How do you keep track of what’s really running inside your Windows VMs?

Posted by tommipani@reddit | sysadmin | View on Reddit | 30 comments

Hi everyone,
I'm 21 and currently doing an internship in IT, working in an environment with a decent number of Windows VMs on vSphere. One of the biggest challenges I've faced so far is simply trying to keep track of what’s actually running inside those machines.

Over time, I noticed a few recurring issues that caused unnecessary stress:

Certificate expirations no one tracked, leading to unexpected service outages.
Audit requests like "give us all the Java or Log4j versions across the fleet", which usually mean hours or days of scripting and manual digging.
A server starts acting up and there’s no easy way to figure out what changed—was it a new app? a scheduled task? a misconfigured service?

I looked for tools to help with this, but most of what I found was either part of large enterprise suites we can’t afford, or required agents everywhere, which isn't always realistic.

So, as a side project, I built a PowerShell script that:

Connects to vCenter to list powered-on VMs
Tries multiple sets of credentials to connect via WinRM
Collects system info, installed software, certificates, Windows services, scheduled tasks
Uses UUIDs to track VMs over time (even if their names change)
Exports everything to CSV and marks removed items instead of deleting them, to keep a historical view
Outputs progress clearly to the console with status info for each VM

This isn’t a product or anything—just something I built to help myself and maybe my team. But it got me thinking:

Is this a problem others are dealing with too?
Do your teams use internal tools or existing solutions to manage this kind of inventory and visibility?
Is there something obvious I’m missing?

I’d really appreciate hearing how more experienced teams approach this. I'm trying to learn, improve what I built, or at least understand if I’ve been solving a problem that already has a better answer.
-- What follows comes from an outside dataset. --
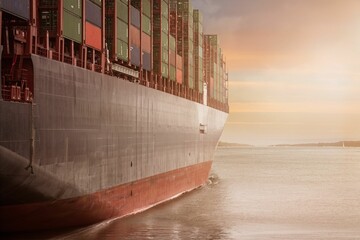 Cargo ship at sunset on calm sea.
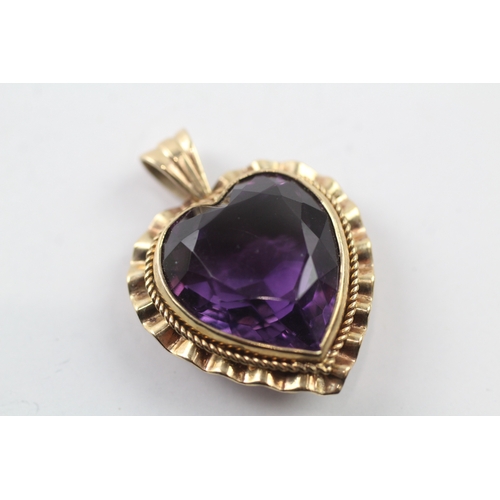 233 - 9ct gold amethyst heart pendant (6.2g)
Thanks in advance for any insights.

[-]

JaRi100@reddit

[-]

Cormacolinde@reddit

For certificates you can automate their deployment and monitor them. As long as they expose some port/interface with TLS it’s fairly easy.
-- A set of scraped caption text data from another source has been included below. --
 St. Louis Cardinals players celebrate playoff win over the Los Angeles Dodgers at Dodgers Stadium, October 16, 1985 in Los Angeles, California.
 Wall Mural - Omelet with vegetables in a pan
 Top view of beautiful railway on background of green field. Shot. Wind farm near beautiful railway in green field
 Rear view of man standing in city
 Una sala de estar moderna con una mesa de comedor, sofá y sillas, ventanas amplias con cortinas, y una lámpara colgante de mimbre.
For auditing software, especially vulnerable ones, that’s a job for management software, EDR or vulnerability management. I’ve done this with SCCM, Microsoft Defender and Nessus for example. Yes, you will need agents.

For auditing configuration, that is more complex. One possibility is to make sure configuration changes are audited and logged properly, then feed those into a SIEM or other log aggregator. That works better with stuff like firewalls than Windows or even Linux servers though. Another option is to centralize all configuration, using Infrastructure as Code for example, or centralized configuration stores. Tools like SCCM, Ansible and the like can help with this, or even just AD GPOs. If all configuration changes are made in GPOs, then you can audit the GPOs.

[-]

tommipani@reddit (OP)

This is a fantastic, high-level overview, thank you. You're absolutely right that in a perfect world, everything would be managed via IaC tools like Ansible and all changes would flow into a SIEM.
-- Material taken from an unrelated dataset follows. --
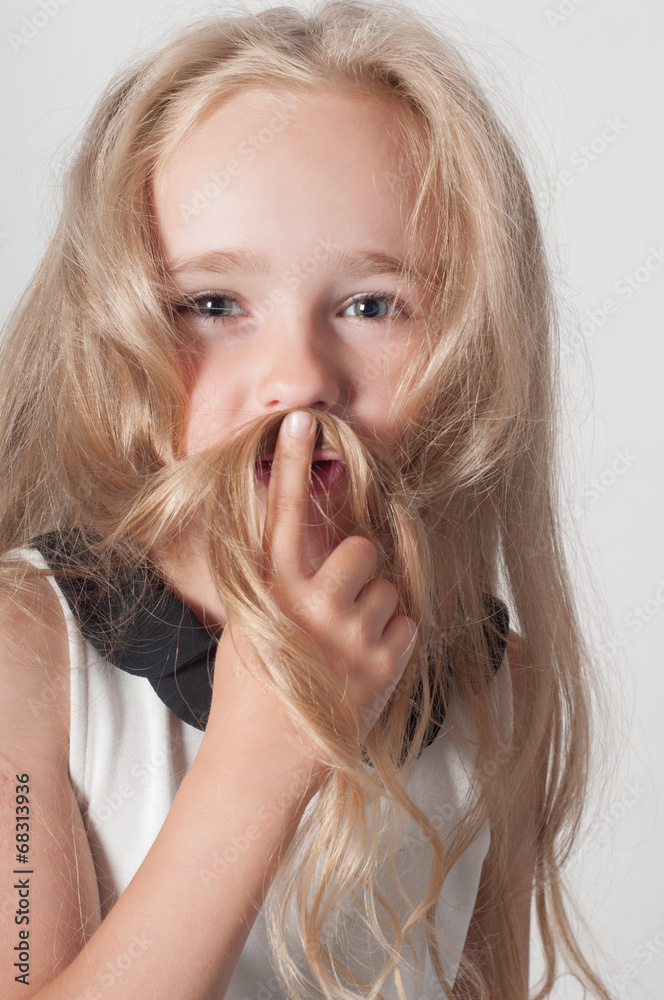 Little girl with long hair fooling around Little girl with long hair fooling around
I guess the script I wrote comes from a more "brownfield" perspective. It's designed for those real-world environments where you have years of manually configured servers, a mix of auto-deployed and self-signed certs, and you don't yet have a mature IaC or SIEM practice in place.

The goal was to get an immediate, actionable baseline of "what's out there right now" without having to boil the ocean with a full SIEM implementation. Your point about needing agents for deep software audit also reinforces my drive to see how far we can get with a purely agent-less approach for that initial discovery.

Really appreciate you sharing your consultant's perspective, it's super valuable.

[-]

Cormacolinde@reddit

Of course, the real-world has budgets, constraints, and technological debt. And maturing your infrastructure management environment will not be an instant thing.

Your method is certainly not bad, and I’ve used similar quick and simple gathering tools and scripts for audits or to document an environment before making changes, or gain information to make recommendations.

This works well when those tools and scripts are limited in scope and maintained by someone familiar with the situation and the environment, and used sparingly. I’ve seen situations where such tools grew way beyond such a simple scope, the admin who built them left, and they have this monster that’s plugged into 3 different databases, feeding multiple critical alerts or even managing endpoint devices. And they don’t have source code, or they do and it’s undocumented, with no documented architecture, and it runs on a deprecated version of Python.

It’s when the gathering tool becomes essential and permanent that it can be a problem. And let’s be honest in IT and business, too often the temporary becomes permanent very quickly.

Also, think about the real cost of what you’re doing. How much time it will take you to make it work well enough, comparing the features you can code yourself to what a paid (or even OSS) product could. And especially how much time you will need to MAINTAIN this thing. Because it will break.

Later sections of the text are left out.